Leaders at the NAACP — the group that brought the 2006 lawsuit against the city — said they no longer believe O'Malley should be held responsible for the police strategy. Gerald Stansbury, president of the Maryland State Conference of the NAACP, said the organization has a solid relationship with the governor.

He pointed to O'Malley's effort last year to repeal the state's death penalty — an NAACP priority.

"Clearly, the police problems go well beyond Martin O'Malley," Stansbury said. "There's been ongoing mistrust for some time."

http://www.baltimoresun.com/news/maryland/politics/bs-md-police-omalley-politics-20141007-story.html#page=1

Octafish

(55,745 posts)
13. Just the man to handle a federal caseload.
Sat Apr 25, 2015, 08:41 PM
Apr 2015

Halliburton cha-ching! Law-n-Order from the Democratic side! Imagine the possibilities, should he be connected to the Go-Along Set ?

From what I can see, he's got to demonstrate macho. Seeing how the military is an all-volunteer force, fewer politicians will have armed service in their resumes.

FSogol

(45,481 posts)
14. O'Malley, as Mayor of Baltimore (Dec 1999-Nov 2007) followed that policy
Sat Apr 25, 2015, 08:48 PM
Apr 2015

of zero tolerance, also know as the broken windows policy as did almost every major city in the US. Every major city switched to that form of policing in the mid to late 90s because of the drop in NYC's crime rate. By the mid 00s, everyone was moving away from it due to over-policing, arresting innocent people, profiling, etc. He employed those policies when he arrived as Mayor, but moved away from them for the reasons stated. The number of arrests dropped each year in Baltimore as did the crime rate.

By the end of his Mayoral term he moved away from that policy. He did not employ those methods as Governor. Unlike say, Giuliani, O'Malley changed, evolved, and modified his approach until he got a fairer/more workable system.

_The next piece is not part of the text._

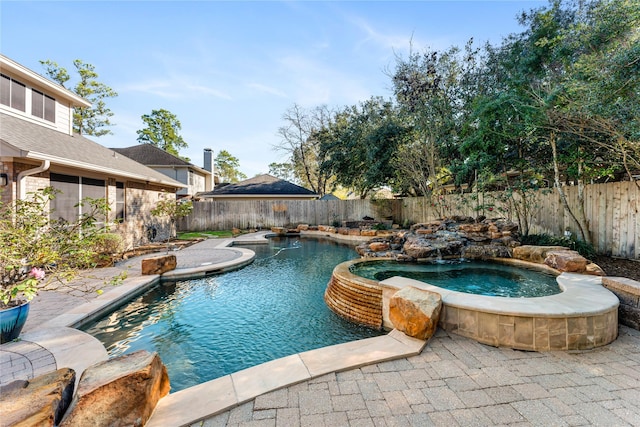 view of swimming pool featuring an in ground hot tub and pool water feature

From a 2010 article in the Baltimore Sun:

A lawsuit filed in 2006 on behalf of 14 people alleged that their arrests indicated a broad pattern of abuse in which thousands of people were routinely arrested without probable cause. The suit also alleged that the so-called "zero tolerance" system was endorsed and enforced by city officials under the tenure of then-mayor Martin O'Malley.

In a joint statement with the plaintiffs, the police department said it has agreed to institute policies that reject the "zero tolerance policing" and establish a range of appropriate officer responses to minor offenses. The department will issue written directives that spell out the elements of common minor offenses to ensure that officers are aware of the scope of their authority, and will train every officer on the new policies for offenses, the statement said.

Arrests in the city have fallen by the tens of thousands since O'Malley became governor, and the ACLU and NAACP said in the statement that they recognize that the current city leadership has taken steps to address the issue and "applaud those efforts."



The efforts to link a current police brutality case in Baltimore to a man who hasn't been the mayor there for 7-1/2 years is pretty ridiculous.